VENKITESH RAMAKRISHNAN
SUKUMAR MURALIDHARAN
in New Delhi
THERE have been few precedents for the nationwide day of protest that the Christian community observed on December 4 to convey its sense of alarm at the attacks on its members, which have been taking place with increasing frequency and vehemence in recent times. Christian institutions, including schools, remained closed for a day on a call given by the United Christian Forum for Human Rights. Members of the Forum expressed their dismay at the increasing currency of the propaganda that the community is intent on pursuing an aggressive campaign of proselytisation. The menacing overtones of the Bharatiya Janata Party's slogan of "One Nation, One Culture and One People" were now becoming a practical hazard of life for India's Christians.

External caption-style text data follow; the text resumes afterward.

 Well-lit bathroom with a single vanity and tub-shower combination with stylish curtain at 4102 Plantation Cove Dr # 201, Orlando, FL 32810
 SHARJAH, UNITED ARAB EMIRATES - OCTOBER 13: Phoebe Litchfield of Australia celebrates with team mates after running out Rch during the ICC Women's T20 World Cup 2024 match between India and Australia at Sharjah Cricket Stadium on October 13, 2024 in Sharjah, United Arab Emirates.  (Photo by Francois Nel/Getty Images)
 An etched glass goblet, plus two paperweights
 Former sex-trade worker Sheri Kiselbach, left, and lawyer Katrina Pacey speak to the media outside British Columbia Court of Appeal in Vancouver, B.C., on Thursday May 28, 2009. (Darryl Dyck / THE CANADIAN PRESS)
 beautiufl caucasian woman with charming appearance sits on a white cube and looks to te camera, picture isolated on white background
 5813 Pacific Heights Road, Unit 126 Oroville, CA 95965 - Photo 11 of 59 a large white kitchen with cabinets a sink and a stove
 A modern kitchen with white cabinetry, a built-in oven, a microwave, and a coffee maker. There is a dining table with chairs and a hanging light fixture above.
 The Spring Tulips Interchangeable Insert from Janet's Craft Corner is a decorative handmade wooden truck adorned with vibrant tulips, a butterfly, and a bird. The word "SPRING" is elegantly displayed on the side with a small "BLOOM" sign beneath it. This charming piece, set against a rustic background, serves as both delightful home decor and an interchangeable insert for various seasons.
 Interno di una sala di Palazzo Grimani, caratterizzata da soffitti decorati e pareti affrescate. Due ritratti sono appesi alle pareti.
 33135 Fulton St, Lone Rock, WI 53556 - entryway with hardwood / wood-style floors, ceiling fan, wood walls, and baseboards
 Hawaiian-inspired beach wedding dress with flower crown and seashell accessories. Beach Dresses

A Forum delegation met Prime Minister Atal Behari Vajpayee on the day of protest. While deprecating the incidents of violence against the community, the Prime Minister strongly refuted any suggestion that his party may have been involved in them. This is a plea that is unlikely to stand scrutiny in the light of known facts from States such as Gujarat, Madhya Pradesh, Bihar and Karnataka. Where direct involvement is unproven, there is little question that the atmosphere of intolerance that the BJP has fostered in league with its allies in the Hindutva constellation has been the principal cause of the recent events.

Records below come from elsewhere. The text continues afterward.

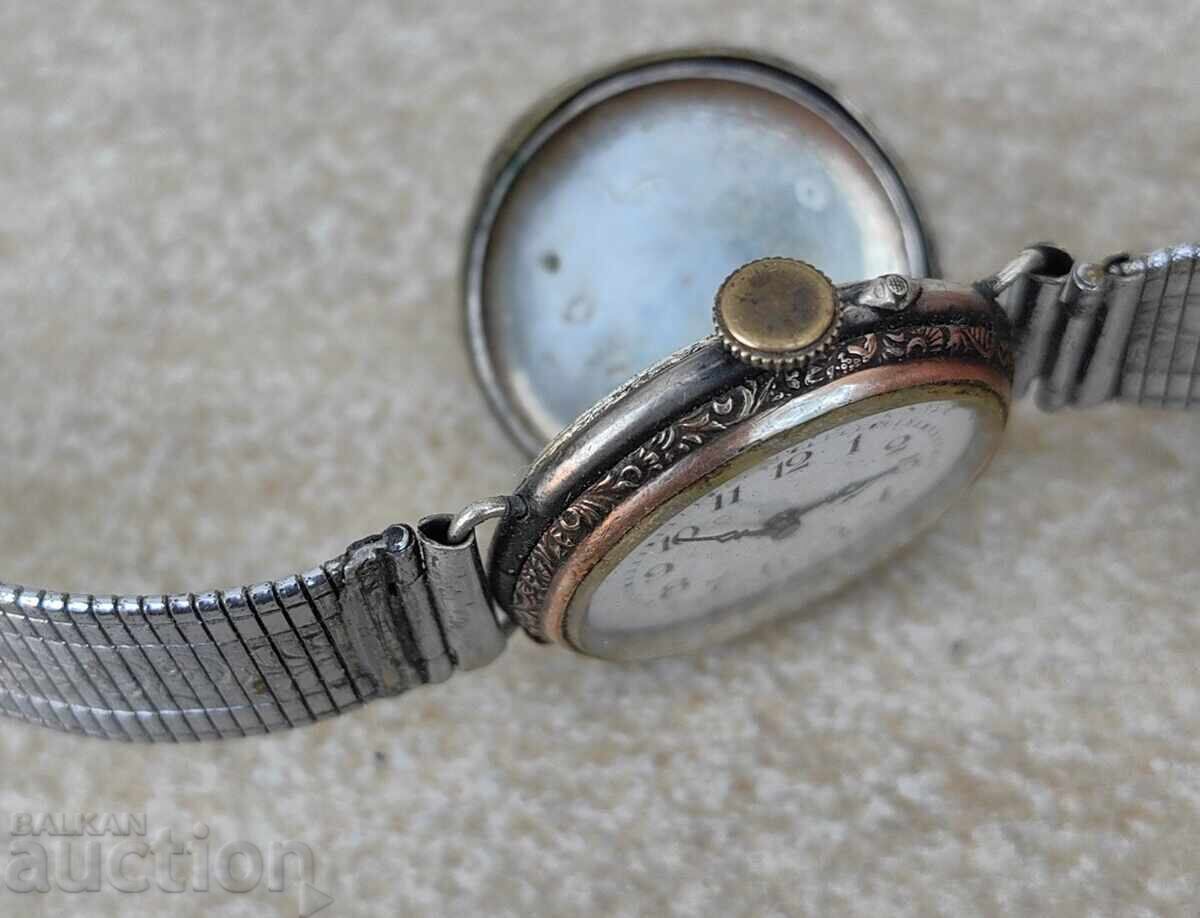 Auction  STAR SILVER LADIES WATCH. THE CHAIN IS NOT SILVER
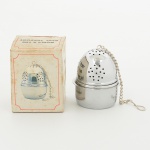 METAL PRATEADO, um (1) recipiente para infusão de chá, confeccionado em folha de flandres ou aço inox,TEA BALL WITH HOLDER, Made in China, acondicionado na caixa, não aparenta ter sido usado, medindo 5 cm maisa corrente, vide foto.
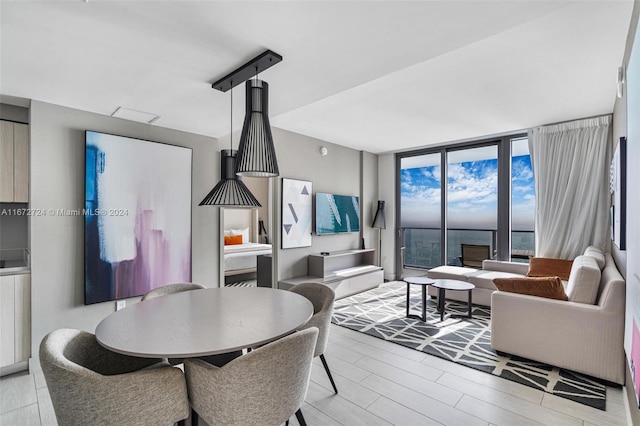 dining area featuring light hardwood / wood-style floors and floor to ceiling windows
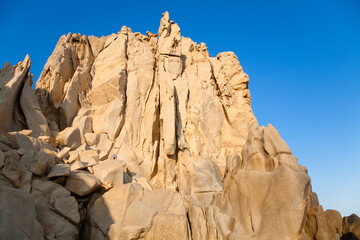 Sticker - Cabo San Lucas, Baja California Sur, Mexico - Low angle view of a large, natural rock formation on the beach.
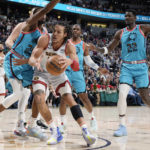 Jokic, Nuggets outlast Suns 128-125 in OT; Booker sidelined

In one of the declared objectives of Hindu nationalism - to establish a native religious tradition as the foundation of a "national church" - the influence of medieval Western models of religious organisation is apparent. Critics have argued quite accurately that Hindutva introduces an alien proselytising element into Indian traditions as a defensive reflex to the supposed inroads other faiths make. That however, is at the level of principle. In its practical details, the current Hindutva offensive against the minuscule Christian community reflects all the visceral animosities of the paranoid fringe.
Activists of the Vishwa Hindu Parishad (VHP) and the Bajrang Dal in Gujarat have in recent times conveyed their intents and purposes through a chilling slogan: "Pahle Kasai, Phir Isai" (First Muslims; then Christians). The slogan serves a dual purpose - it seeks to smear an entire faith by equating its adherents to a traditionally stigmatised occupational grouping in India, and then to threaten it with extinction. (Kasai in Hindi means 'butcher' and the same word denotes Muslims.) In the sense of cultural hostility it embodies towards all faiths, the slogan is of a piece with all that was seen during the peak of the Ayodhya movement.
The slogan also encapsulates the strategy of the Rashtriya Swayamsevak Sangh (RSS) and its affiliates towards what it terms "social cleansing". The strategy formulated in concrete terms in the 1960s clearly states that Muslims are the principal enemy and Christians a close second. The third identified enemy is the so-called Indian elite, which is influenced by "foreign isms, fashions and ideologies".
According to RSS records, the strategy was formulated in concrete terms in the Mumbai conference of Hindu religious leaders in August 1964, which led to the formation of the VHP as the militant vehicle of religious propagation. The tasks assigned to the VHP included the "consolidation and strengthening of Hindu society", the "protection and dissemination of Hindu spiritual and ethical values", and the "establishment of links among Hindus living in different countries". The proposed method was to build an ecclesiastical order, complete with its own liturgy, scripture and institutional hierarchy. Diversities were to be ironed out in cultural homogeneity, individuals manning shrines across the country were to be coopted into the network of VHP sponsorship. In another conscious reversion to the medieval model of religious organisations, VHP activists, themselves drawn to a great extent from the RSS, were designated as a lay order which would impart the necessary momentum for social consolidation on religious lines.
Social scientists characterise this process as one of stigmatisation and emulation. A perception of threat from an alien cultural influence is created in the minds of the members of the target population, who are then reclaimed by the native and indigenous culture through methods that were in others' hands decried as a mortal danger to the national culture.
Records of the 1964 conference show that the VHP, to achieve its objectives, was asked to take on systematically the Muslim clergy and Christian missionaries, who had launched "intensive activity to convert Hindus, especially the Scheduled Castes and Tribes, in various parts of the country". The conference identified Uttar Pradesh, Tamil Nadu, Kerala and Gujarat as areas of heightened Muslim activity. Christian missionaries, the conference observed, were dangerously active in the northeastern region, Gujarat, Tamil Nadu and Kerala.